The mayor received criticism last week for raising doubts about the city’s commitment to the right-to-shelter law. The mayor said New York was facing a “breaking point” and criticized Mr. Abbott for failing to coordinate bus arrivals with the city.
A representative for Norwegian Cruise Line did not immediately respond to a request for comment.
City officials have opened 23 emergency shelters to handle the influx of migrants. But the city recently failed to offer beds to 60 migrants who arrived at the center on East 30th Street in Manhattan where homeless men are assessed when they first enter the shelter system — the first major such lapse in over a decade.
The city has previously turned to its waterways to deal with overcrowding. In 1989, when a steep increase in drug arrests filled the Rikers Island jail complex, the city used a converted British troopship as a prison barge to house inmates and docked it in the Bay Ridge neighborhood in Brooklyn.
Another floating jail barge, the Vernon C. Bain Center, is docked just north of Rikers Island. It opened in 1992 as a temporary solution and never closed.
Stephen Eide, a senior fellow at the conservative-leaning Manhattan Institute who has written a history of homelessness in America, said that on a recent visit to Rikers Island, he was told by a Department of Correction press officer that the Bain Center had fewer problems than many of the complex’s land-based buildings.
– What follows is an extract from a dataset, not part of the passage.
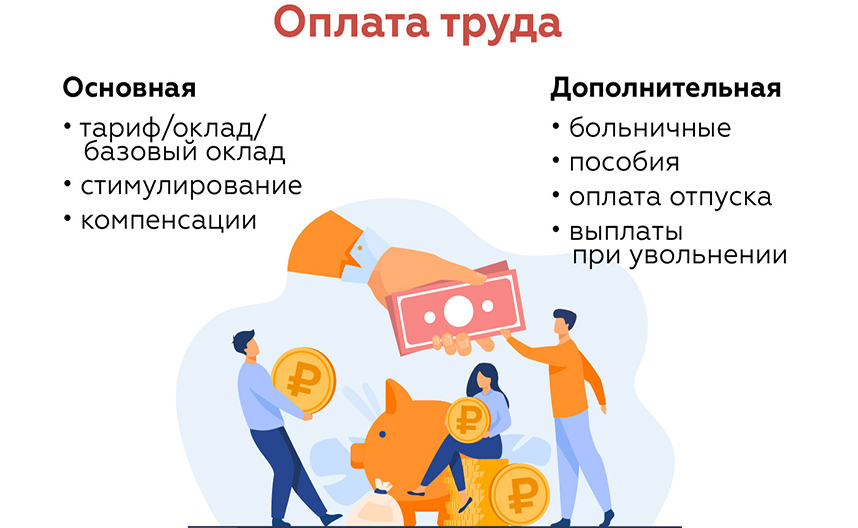 Какие формы и системы используют при начислении зарплаты — Блог Topfranchise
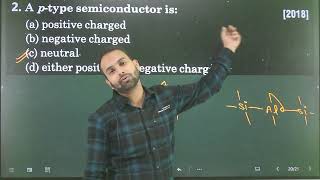 Q7 Semiconductor Electronics  A ptype semiconductor is  a positive charged b negatively cha [upl. by Sabino992]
He said that he thought this made the idea of a cruise ship shelter “somewhat promising,” though he added, “Needless to say when you’re talking about Rikers, you’re grading on a curve.”
In 2002, Mr. Bloomberg was criticized for placing homeless families in a former jail. He refused to move them, even in the face of a political storm.
That year, Mr. Bloomberg’s commissioner of homeless services, Linda I. Gibbs, toured luxury cruise liners off the Bahamas. She said at the time that the liners could be a good option for housing homeless people, but she was concerned about the cost of converting them to meet the needs of the homeless population.
“We would have to remove bars and discos, which are inappropriate for a shelter,” she said.
Grace Ashford contributed reporting.